Hank Williams, Sr. and Hank Williams, Jr. (approx. 1950)
Seventy years ago this week, Hank Williams, Sr. wrote the song “I Saw the Light.” Earlier in the month, the 23-year old Williams and his band were returning to Montgomery, Alabama from a show in Fort Deposit, a little town 30 miles south of Montgomery. Williams, however, was unable to stay awake for the short drive because he was passed out drunk, as usual after shows, in the back seat of the car. As they were approaching the city, the driver, seeing the lights of the airport, announced to the band that they were almost home, saying, “I just saw the lights.” Hank woke up, and a light must have went off in his mind, because a few days later he wrote what has become a Country and Gospel music classic.
Just a few months before this, Williams auditioned for, and was rejected by, the Grand Ole Opry. Just a few months later, he was a big star, signed a recording contract with MGM, and started turning out hit after hit—35 top ten singles in the next six years. And then Hank Williams died, on New Year’s Day, 1953, at the age of 29, in the back seat of a car on the way to a concert.
Williams was born with a spinal defect, made worse over the years by falling and fighting. He lived with constant pain, became addicted to pain killers which he used to excess, and then to alcohol. The continuous overuse of both, often consumed together, destroyed his heart.
Williams was to perform that New Year’s Day in Canton, Ohio with several others. The concert hall was already filled, when the other performers received word of Williams’ death. It was announced it to the crowd, and many people started to laugh, thinking it was a joke. But then the band softly started to play a song as a tribute. The crowd quieted, realizing it was not a joke; and then began to sing along to “I Saw the Light.”
The song is the testimony of a backslider, living in the hope of repentance, redemption, and a chance to start over. Hank Williams did a lot of backsliding in his short life. One might even say he was backsliding all the while. He was raised in the Baptist church where his mother was the organist, but as an adult he did not talk about his faith, and gave little evidence of trying to live it. But he sure could sing about the power of faith in Jesus, as he did in this wonderful song. Whether he was expressing what was in his heart, or just writing words he thought might be popular enough to be another hit, only God knows.
Matthew 4:16 says, “The people who walked in darkness have seen a great light; on those living in the land of the shadow of death, a light has dawned.” “I Saw the Light” begins with these words: “I wandered so aimless, life filled with sin, I wouldn’t let my dear Savior in; then Jesus came like a stranger in the night, Praise the Lord, I saw the light.” Then in the refrain, Williams sings: “No more darkness, no more night… no sorrow in sight, I saw the light.” That sounds a lot like Matthew 4:16 (which is quoting a prophecy in Isaiah 9:2).

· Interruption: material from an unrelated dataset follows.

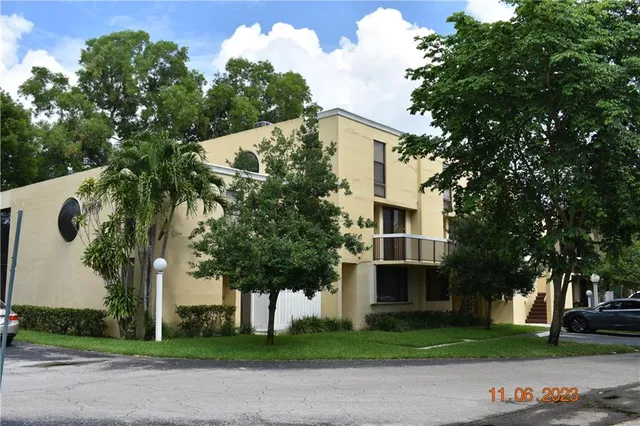 $2,500 | 2930 Southwest 87th Terrace, Unit 1810, Davie, FL 33328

There are several more Bible references in the short song. First, there is the part about Jesus coming as a stranger in the night. The Bible actually says ‘thief in the night,’ and that you will find in Matthew 24 and I Thessalonians 5. In Revelation 22 we find the phrase “there will be no more night.” In verse two, Williams sings about how he was, “Just like the blind man that God gave back his sight, praise the Lord, I saw the light.” That’s in John chapter nine. In the last verse there is a reference to the words of Jesus in Matthew chapter 7 when it says “straight is the gate and narrow the way.” And the main reference to the image of light that is used in the song is in John 8:12, where Jesus said: “I am the light of the world. Whoever follows me will never walk in darkness, but will have the light of life.” That’s eight Bible references in three verses—not bad for a backslider. Williams spent much of his life in the darkness, not only with his drug and alcohol abuse, but also because of his lying, infidelity, irresponsibility, lack of loyalty, lack of faith, arrogance, and quick temper. But it is clear he did know his Bible and he did know about Jesus. We can only hope that somewhere along the line he really did what he sang about in verse one, and “let his dear Savior in.”

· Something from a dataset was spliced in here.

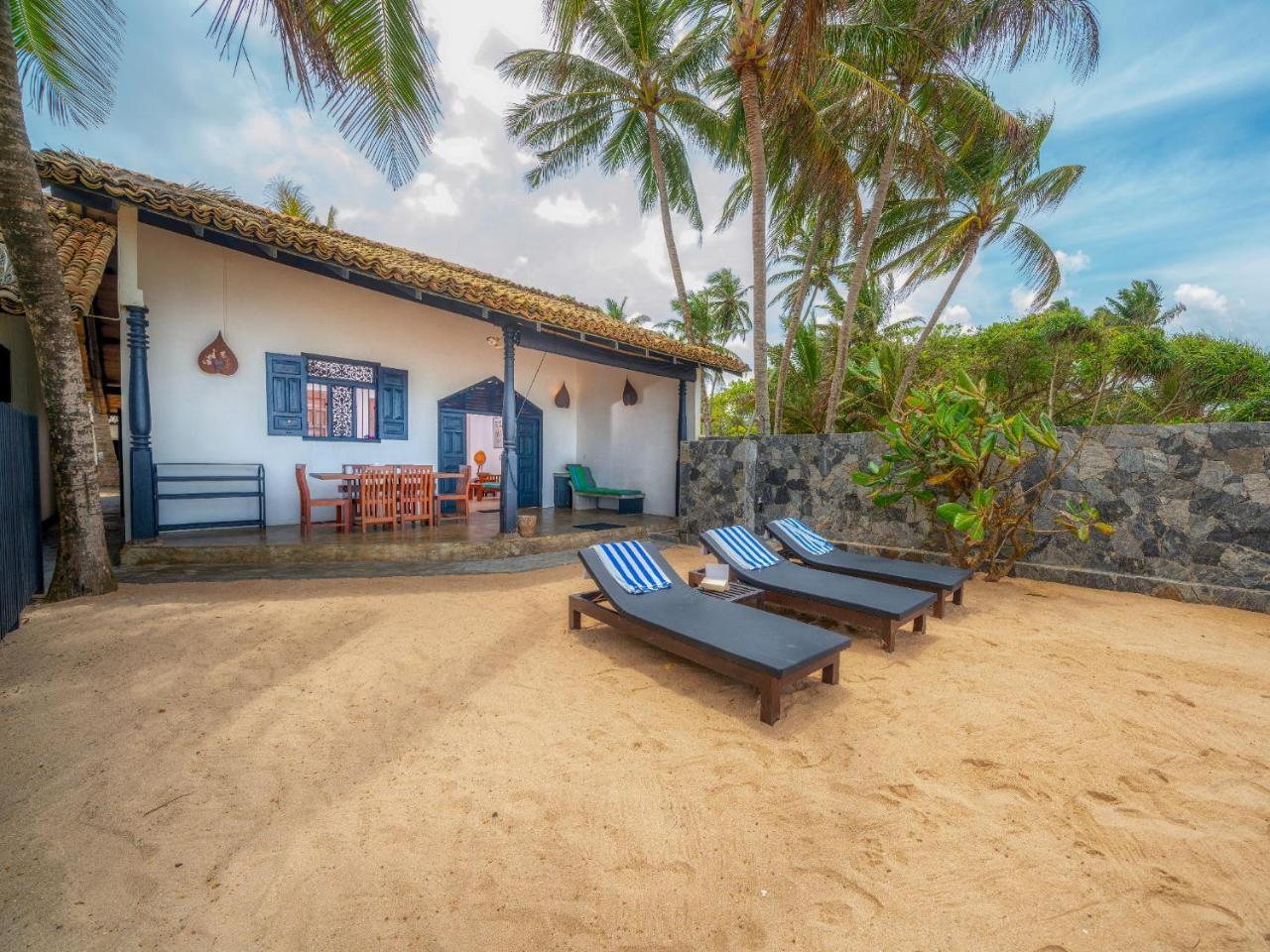 Blue Parrot Beach Villa Ambalangoda  Εξωτερικό φωτογραφία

Have seen the light? Do you know what it means to walk in darkness, and to live in the land of the shadow of death? Do you know what that is like? And if so, are you familiar with the experience described by Matthew to have seen a great light, or, to have the light dawn in your life? Do you know what that is like? What is this darkness? What is this light? And what does it look like in one’s life? What does it mean to say that Jesus is the light of the world? (continued…)
Lord Jesus Christ, Son of the Living God, have mercy on me, a poor sinner. Amen.